● Exercise prompt
Please repeat only the lines below starting at the line that holds "Full Implant Teeth" and ending at the line that holds "SP1 Antibody - Western", exactly, with both of those lines included and every picture omitted.

● Records provided
================
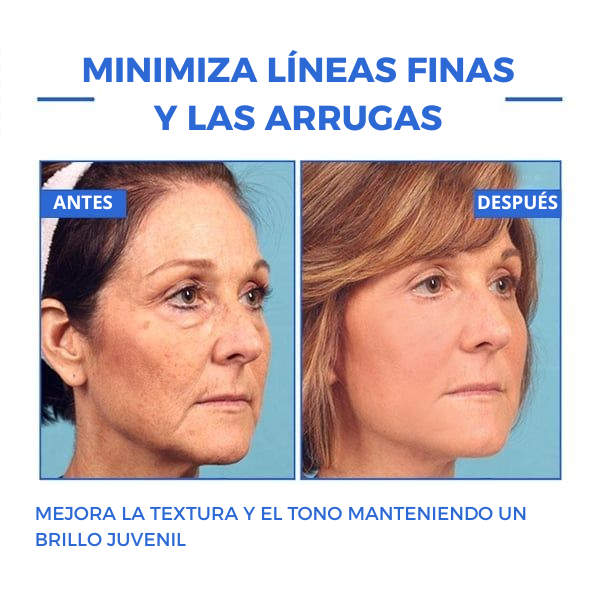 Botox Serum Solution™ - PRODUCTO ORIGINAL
================
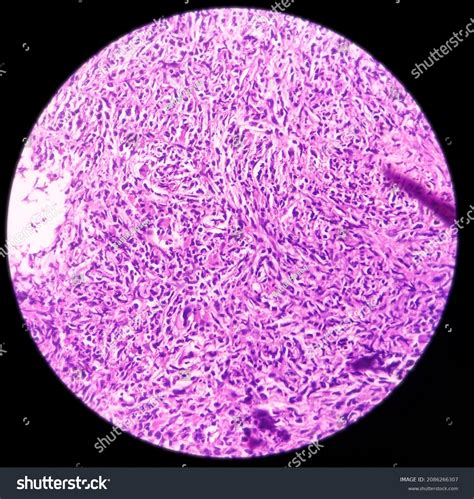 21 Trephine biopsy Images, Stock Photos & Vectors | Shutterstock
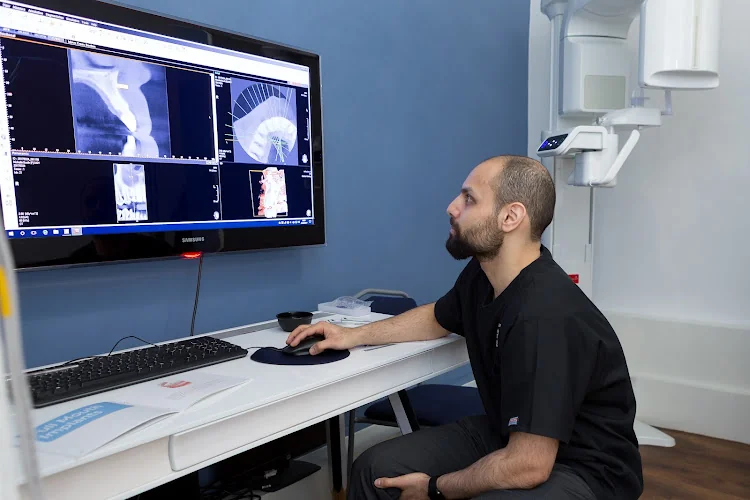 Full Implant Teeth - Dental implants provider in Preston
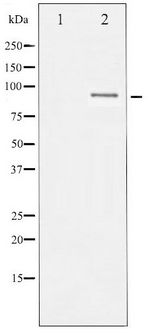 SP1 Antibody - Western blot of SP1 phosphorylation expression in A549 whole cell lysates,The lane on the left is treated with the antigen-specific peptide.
================
● Exercise solution
 Full Implant Teeth - Dental implants provider in Preston
 SP1 Antibody - Western blot of SP1 phosphorylation expression in A549 whole cell lysates,The lane on the left is treated with the antigen-specific peptide.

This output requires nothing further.